Monday 27 April 2020

Book Review: The Frightened Ones by Dima Wannous (Literary Fiction)

Title: The Frightened Ones
Author: Dima Wannous
Knopf Publishing
Publication Date: 11 August 2020
eBook - EPUB
Literary Fiction
ARC via NetGalley


In her therapist's waiting room in Damascus, Suleima meets a strange and reticent man named Naseem, and they soon begin a tense affair. But when Naseem, a writer, flees Syria for Germany, he sends Suleima the unfinished manuscript of his novel. To Suleima's surprise, she and the novel's protagonist are uncannily similar. As she reads, Suleima's past overwhelms her and she has no idea what to trust--Naseem's pages, her own memory, or nothing at all? 
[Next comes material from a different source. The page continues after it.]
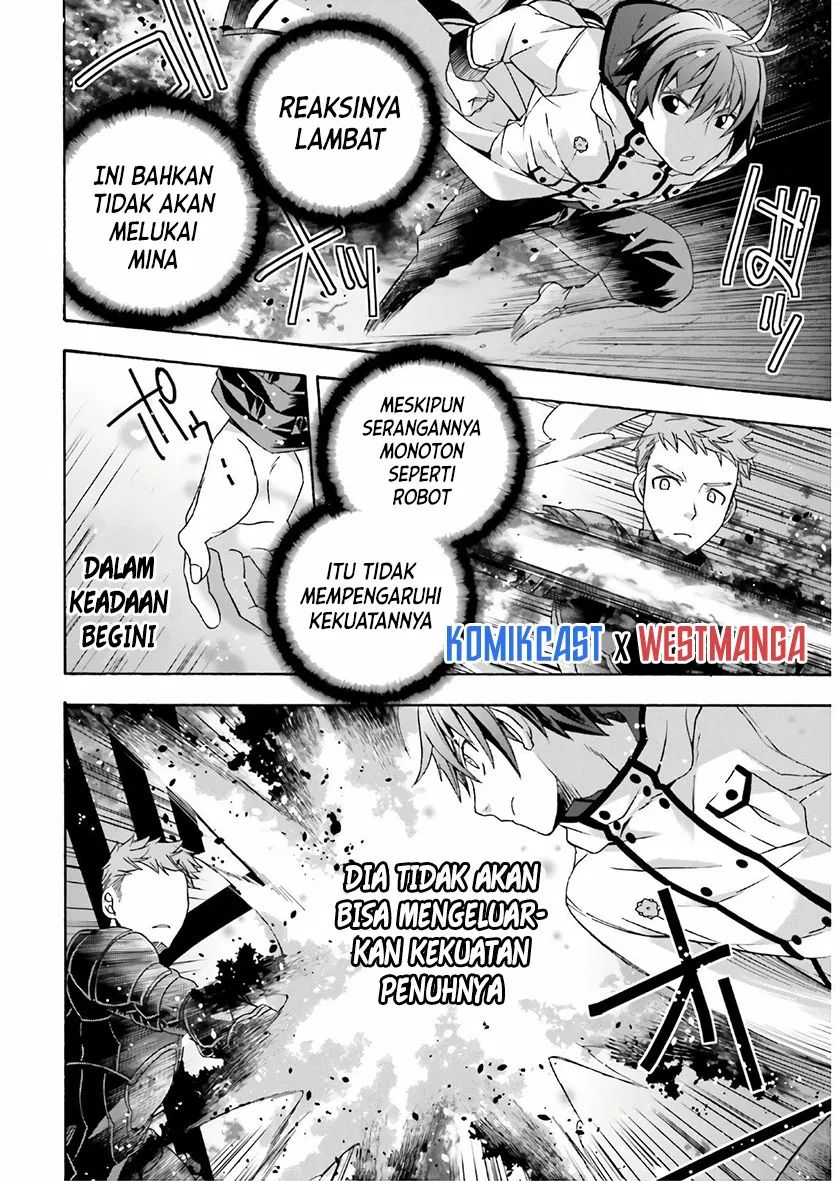 The Wrong Way To Use Healing Magic Chapter 35 The Wrong Way To Use Healing Magic Chapter 35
Narrated in alternating chapters by Suleima and the mysterious woman portrayed in Naseem's novel,
The Frightened Ones is a boundary-blurring, radical examination of the effects of oppression on one's sense of identity, the effects of collective trauma, and a moving window into life inside Assad's Syria.

The Frightened Ones was an interesting book on many levels. It focuses on trauma and memory and two characters trying to cope with events from their past following the Syrian revolution. I thought Wannous offered a very progressive and nuanced portrayal of mental health issues, and the blending of Suleima's tale with Naseem's novel works well, blurring the lines between reality and fiction even for the reader. I did struggle to get into this at first, but once I settled down into the story I started to enjoy it more. This won't be for everyone, though, either because of the subject matter or the narrative style. Nonetheless, I think it's a book that will repay re-reading. I imagine you would take away something different from it each time.

I received this book as a free eBook ARC via NetGalley in exchange for an honest review.